- Born: Devon Carlo Anderson 25 August 1987 (age 38) Greenwich, London, England
- Occupations: Actor, presenter
- Years active: 1993–present

= Devon Anderson =

English actor (born 1987)

Devon Carlo Anderson (born 25 August 1987) is an English actor. Anderson's roles include Billie Jackson in EastEnders and Sonny Valentine in Hollyoaks.

==Early life==
Anderson was born on 25 August 1987 in London.

==Acting career==
Anderson made his acting debut when he played three-year-old Glenn in Thirty Two Short Films About Glenn Gould. He then went on to appear in the BBC soap EastEnders where he played the character Billie Jackson from 1993 to 1997. He made an appearance in the 1997 film Spiceworld as one of the competition winners that falls into the river during a video shoot. He then played David in the television drama, The Greatest Store in the World. In 2002, he appeared in the children's comedy film Thunderpants playing the character of Dan. His next role was in 2002's CBBC programme Ace Lightning where he played Pete, the British friend of the main character, Mark. The character appeared in internet talks with Mark at the start of the programme and sometimes at the end.

In 2003, Anderson starred as the lead character in the CBBC sitcom Kerching!, Taj Lewis, an Internet whizzkid who was trying to make a million pounds for his widowed mother. In 2006, he won the role of Sonny Valentine in the Channel 4 soap Hollyoaks, but his contract was terminated by the show's producer Bryan Kirkwood on 6 January 2007. He has also made an appearance on the television show TMi, and appeared on Doctors on 15 May 2008.

In summer 2009, Anderson starred as Kian Oduya in the online drama Who Killed Summer sponsored by Vodafone which saw six young characters travelling Europe and the UK culminating in a murder mystery.

It was confirmed in November 2009 that Anderson would reprise the role of Billie Jackson in EastEnders, 15 years after he was last seen on the soap. He remained in the soap until October 2010 when Anderson was sacked, once again, by Bryan Kirkwood, who was the EastEnders producer at the time, and his character Billie was killed off.

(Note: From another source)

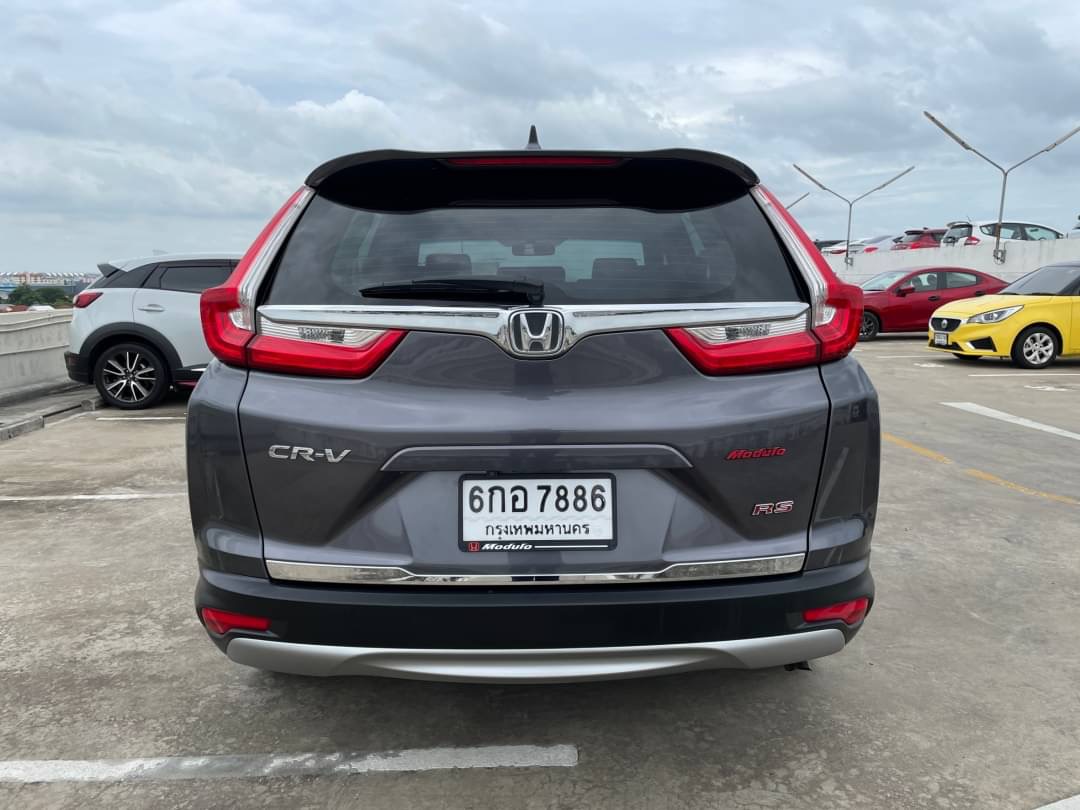 2017 Honda CR-V สีเทา (รูปที่ 6)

In 2012, he was in a production at the Riverside Studios, Hammersmith called 'Concrete Jungle'. He also starred as Sinbad's brother, Jamil, in BBC's series "Sinbad" for one series, July–September, 2012.

Anderson appeared in one episode of Casualty in December 2018 as homeless man Robby Watts.

==Presenting career==
Following his role in Kerching!, Anderson became a CBBC presenter. He presented on both the BBC1 CBBC show and the CBBC Channel.